Let the slope of the other line be m2.
The angle between the two lines is 60°.
tan θ = |(m\(_1\) - m\(_2\))/(1 + m\(_1\)m\(_2\))|
tan 60° = |(2 - m\(_2\))/(1 + 2m\(_2\))|
√3 = ± |(2 - m\(_2\))/(1 + 2m\(_2\))|
√3 (1 + 2m\(_2\)) = (2 - m\(_2\))
√3 + 2√3m\(_2\) + m\(_2\) = 2
√3 + m\(_2\)(2√3 + 1) = 2
m\(_2\) = (2 - √3)/(2√3 + 1)
or
√3 = - (2 - m\(_2\))/(1 + 2m\(_2\))
√3 (1 + 2m\(_2\)) = - (2 - m\(_2\))
√3 + m\(_2\)(2√3 - 1) = - 2
m\(_2\) = - (2 + √3)/(2√3 - 1)
Case 1:
m\(_2\) = (2 - √3)/(2√3 + 1)
The equation of the line passing through the point (2, 3) and having a slope of (2 - √3)/(2√3 + 1) is
(y - 3) = [(2 - √3)/(2√3 + 1)] (x - 2)
(2√3 + 1)y - 3(2√3 + 1) = (2 - √3)x - 2(2 - √3)

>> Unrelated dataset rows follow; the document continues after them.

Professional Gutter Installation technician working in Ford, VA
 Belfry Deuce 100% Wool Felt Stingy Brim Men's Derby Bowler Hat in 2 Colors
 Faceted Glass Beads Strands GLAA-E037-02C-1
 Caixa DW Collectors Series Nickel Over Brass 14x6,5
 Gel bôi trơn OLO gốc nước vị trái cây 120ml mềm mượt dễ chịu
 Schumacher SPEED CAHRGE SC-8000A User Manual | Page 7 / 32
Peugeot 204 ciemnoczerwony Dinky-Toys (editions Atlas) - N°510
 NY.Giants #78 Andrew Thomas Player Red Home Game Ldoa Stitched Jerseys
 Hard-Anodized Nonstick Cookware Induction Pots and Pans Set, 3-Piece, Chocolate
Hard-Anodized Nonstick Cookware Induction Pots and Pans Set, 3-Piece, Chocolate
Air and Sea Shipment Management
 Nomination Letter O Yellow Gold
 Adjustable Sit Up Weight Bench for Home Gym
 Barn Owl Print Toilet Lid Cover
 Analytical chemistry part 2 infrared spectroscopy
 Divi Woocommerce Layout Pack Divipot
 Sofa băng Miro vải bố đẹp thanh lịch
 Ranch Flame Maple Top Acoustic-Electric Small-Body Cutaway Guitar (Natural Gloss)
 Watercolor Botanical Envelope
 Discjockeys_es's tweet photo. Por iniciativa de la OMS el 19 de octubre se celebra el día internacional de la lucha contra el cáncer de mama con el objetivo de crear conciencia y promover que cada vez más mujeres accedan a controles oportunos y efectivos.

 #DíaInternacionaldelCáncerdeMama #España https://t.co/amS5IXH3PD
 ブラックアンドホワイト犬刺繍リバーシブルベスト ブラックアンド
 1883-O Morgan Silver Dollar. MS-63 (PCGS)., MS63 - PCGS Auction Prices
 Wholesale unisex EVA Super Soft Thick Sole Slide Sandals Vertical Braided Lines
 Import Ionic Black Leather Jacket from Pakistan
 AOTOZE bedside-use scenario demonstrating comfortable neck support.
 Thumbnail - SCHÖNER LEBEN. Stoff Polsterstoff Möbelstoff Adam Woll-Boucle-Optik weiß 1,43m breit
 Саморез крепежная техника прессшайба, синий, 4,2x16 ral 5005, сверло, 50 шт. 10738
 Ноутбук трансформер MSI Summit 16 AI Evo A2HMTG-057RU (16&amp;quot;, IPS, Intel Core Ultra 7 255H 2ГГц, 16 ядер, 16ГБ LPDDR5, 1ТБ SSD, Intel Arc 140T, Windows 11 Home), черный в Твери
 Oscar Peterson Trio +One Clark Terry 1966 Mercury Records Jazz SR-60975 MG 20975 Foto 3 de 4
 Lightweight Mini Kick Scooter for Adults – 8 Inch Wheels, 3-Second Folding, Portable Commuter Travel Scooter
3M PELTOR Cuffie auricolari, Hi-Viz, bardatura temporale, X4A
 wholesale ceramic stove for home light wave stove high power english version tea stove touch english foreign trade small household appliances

(√3 - 2)x + (2√3 + 1)y = - 1 + 8√3
In this case, the equation of the other line is (√3 - 2)x + (2√3 + 1)y = - 1 + 8√3
Case 2:
m\(_2\) = - (2 + √3)/(2√3 - 1)
The equation of the line passing through the point (2, 3) and having a slope of - (2 + √3)/(2√3 - 1) is
(y - 3) = [- (2 + √3)/(2√3 - 1)] (x - 2)
(2√3 - 1)y - 3(2√3 - 1) = - (2 + √3)x + 2(2 - √3)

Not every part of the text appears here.